### Data entries
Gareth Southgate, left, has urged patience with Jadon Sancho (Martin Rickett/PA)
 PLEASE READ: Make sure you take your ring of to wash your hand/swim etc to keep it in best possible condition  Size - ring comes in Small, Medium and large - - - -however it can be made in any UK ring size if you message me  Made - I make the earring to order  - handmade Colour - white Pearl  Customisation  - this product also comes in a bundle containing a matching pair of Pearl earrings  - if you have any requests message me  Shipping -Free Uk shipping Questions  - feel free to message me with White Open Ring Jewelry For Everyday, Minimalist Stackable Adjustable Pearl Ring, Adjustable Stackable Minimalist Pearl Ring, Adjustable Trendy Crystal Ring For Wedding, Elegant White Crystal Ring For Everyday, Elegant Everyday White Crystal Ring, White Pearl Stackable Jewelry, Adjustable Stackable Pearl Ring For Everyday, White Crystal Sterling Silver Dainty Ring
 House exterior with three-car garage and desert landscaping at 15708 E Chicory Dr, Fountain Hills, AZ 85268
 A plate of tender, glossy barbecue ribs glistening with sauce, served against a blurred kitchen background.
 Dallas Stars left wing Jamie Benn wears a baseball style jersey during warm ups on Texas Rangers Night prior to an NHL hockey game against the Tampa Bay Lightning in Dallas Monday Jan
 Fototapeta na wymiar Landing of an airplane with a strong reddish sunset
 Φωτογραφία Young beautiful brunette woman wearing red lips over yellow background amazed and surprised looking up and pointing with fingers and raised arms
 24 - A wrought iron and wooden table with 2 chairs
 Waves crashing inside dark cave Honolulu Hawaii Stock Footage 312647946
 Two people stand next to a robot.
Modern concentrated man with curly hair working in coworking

### Task prompt
Recopy all the entries faithfully, leaving none out.

### Finished exercise
Gareth Southgate, left, has urged patience with Jadon Sancho (Martin Rickett/PA)
 PLEASE READ: Make sure you take your ring of to wash your hand/swim etc to keep it in best possible condition  Size - ring comes in Small, Medium and large - - - -however it can be made in any UK ring size if you message me  Made - I make the earring to order  - handmade Colour - white Pearl  Customisation  - this product also comes in a bundle containing a matching pair of Pearl earrings  - if you have any requests message me  Shipping -Free Uk shipping Questions  - feel free to message me with White Open Ring Jewelry For Everyday, Minimalist Stackable Adjustable Pearl Ring, Adjustable Stackable Minimalist Pearl Ring, Adjustable Trendy Crystal Ring For Wedding, Elegant White Crystal Ring For Everyday, Elegant Everyday White Crystal Ring, White Pearl Stackable Jewelry, Adjustable Stackable Pearl Ring For Everyday, White Crystal Sterling Silver Dainty Ring
 House exterior with three-car garage and desert landscaping at 15708 E Chicory Dr, Fountain Hills, AZ 85268
 A plate of tender, glossy barbecue ribs glistening with sauce, served against a blurred kitchen background.
 Dallas Stars left wing Jamie Benn wears a baseball style jersey during warm ups on Texas Rangers Night prior to an NHL hockey game against the Tampa Bay Lightning in Dallas Monday Jan
 Fototapeta na wymiar Landing of an airplane with a strong reddish sunset
 Φωτογραφία Young beautiful brunette woman wearing red lips over yellow background amazed and surprised looking up and pointing with fingers and raised arms
 24 - A wrought iron and wooden table with 2 chairs
 Waves crashing inside dark cave Honolulu Hawaii Stock Footage 312647946
 Two people stand next to a robot.
Modern concentrated man with curly hair working in coworking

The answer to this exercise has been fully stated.